=== SUPPLIED DATA ===
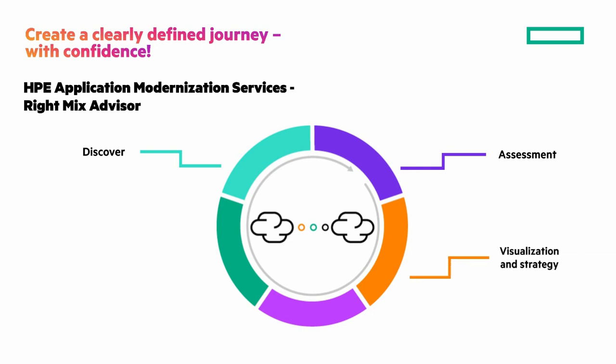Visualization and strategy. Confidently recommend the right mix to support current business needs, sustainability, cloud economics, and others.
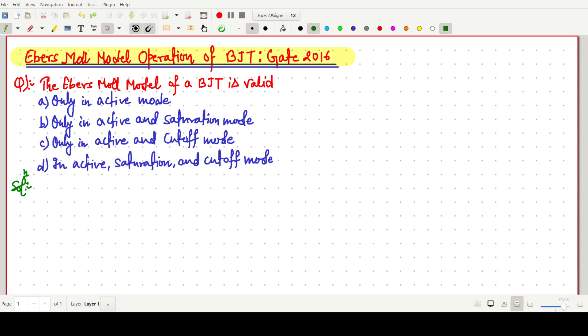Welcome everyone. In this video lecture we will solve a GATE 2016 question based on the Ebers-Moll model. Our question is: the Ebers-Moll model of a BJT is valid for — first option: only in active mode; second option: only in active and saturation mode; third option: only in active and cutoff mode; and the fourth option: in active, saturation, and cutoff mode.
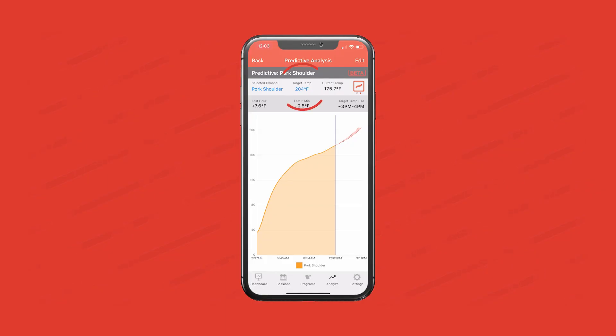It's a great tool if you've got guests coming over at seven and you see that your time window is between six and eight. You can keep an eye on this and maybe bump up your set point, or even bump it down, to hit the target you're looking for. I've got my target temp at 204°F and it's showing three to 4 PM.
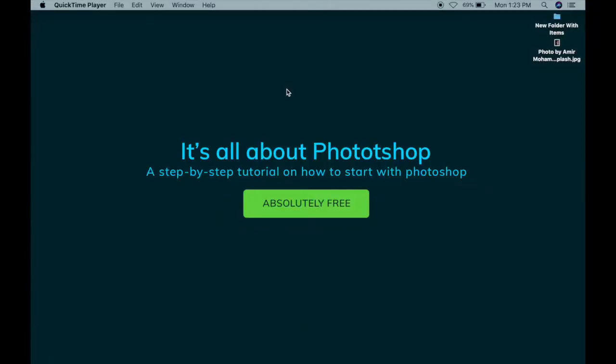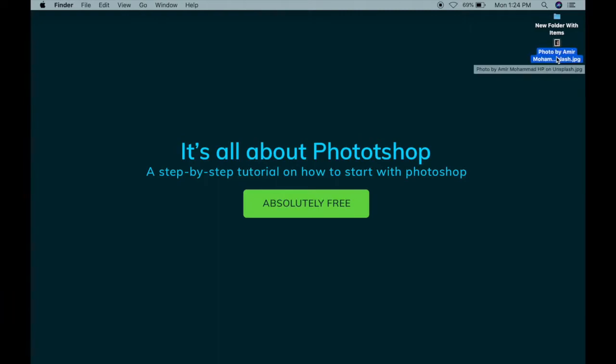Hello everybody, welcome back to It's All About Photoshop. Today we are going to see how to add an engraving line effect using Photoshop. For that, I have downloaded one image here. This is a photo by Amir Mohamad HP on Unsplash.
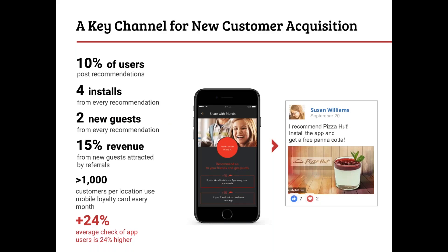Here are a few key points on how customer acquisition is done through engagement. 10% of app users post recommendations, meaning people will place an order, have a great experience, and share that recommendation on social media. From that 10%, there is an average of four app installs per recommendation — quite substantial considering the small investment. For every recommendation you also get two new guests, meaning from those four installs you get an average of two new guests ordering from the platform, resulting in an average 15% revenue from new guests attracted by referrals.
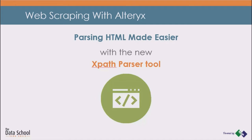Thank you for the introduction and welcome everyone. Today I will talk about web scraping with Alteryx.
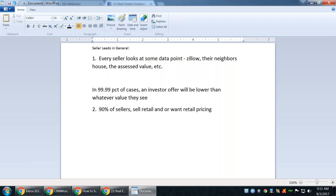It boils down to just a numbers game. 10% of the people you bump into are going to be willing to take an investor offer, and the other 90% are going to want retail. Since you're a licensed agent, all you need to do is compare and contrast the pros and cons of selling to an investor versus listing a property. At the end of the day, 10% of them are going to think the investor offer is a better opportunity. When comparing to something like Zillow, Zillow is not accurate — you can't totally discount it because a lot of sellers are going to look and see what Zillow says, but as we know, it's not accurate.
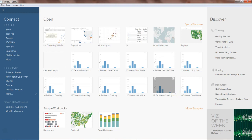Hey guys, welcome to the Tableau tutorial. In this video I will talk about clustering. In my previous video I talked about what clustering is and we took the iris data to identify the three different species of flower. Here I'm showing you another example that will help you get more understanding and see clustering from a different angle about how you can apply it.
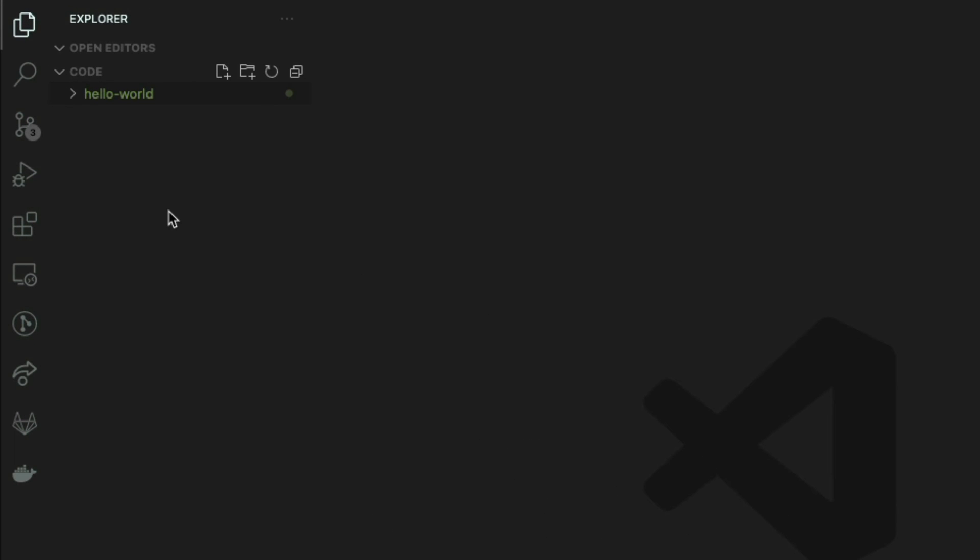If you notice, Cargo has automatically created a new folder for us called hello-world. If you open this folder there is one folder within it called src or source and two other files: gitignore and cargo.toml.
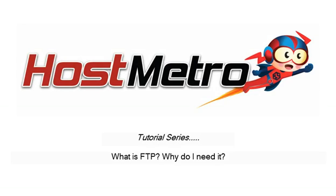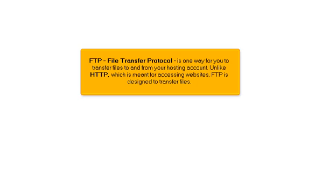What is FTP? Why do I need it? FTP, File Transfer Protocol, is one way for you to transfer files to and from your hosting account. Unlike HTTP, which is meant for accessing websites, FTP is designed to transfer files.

=== YOUR TASK ===
Go back to the listing above and reproduce, exactly, the stretch from the line bearing "Welcome everyone. In" through the line bearing "Hello everybody, welcome", without its pictures.

=== ANSWER AREA ===
Welcome everyone. In this video lecture we will solve a GATE 2016 question based on the Ebers-Moll model. Our question is: the Ebers-Moll model of a BJT is valid for — first option: only in active mode; second option: only in active and saturation mode; third option: only in active and cutoff mode; and the fourth option: in active, saturation, and cutoff mode.
It's a great tool if you've got guests coming over at seven and you see that your time window is between six and eight. You can keep an eye on this and maybe bump up your set point, or even bump it down, to hit the target you're looking for. I've got my target temp at 204°F and it's showing three to 4 PM.
Hello everybody, welcome back to It's All About Photoshop. Today we are going to see how to add an engraving line effect using Photoshop. For that, I have downloaded one image here. This is a photo by Amir Mohamad HP on Unsplash.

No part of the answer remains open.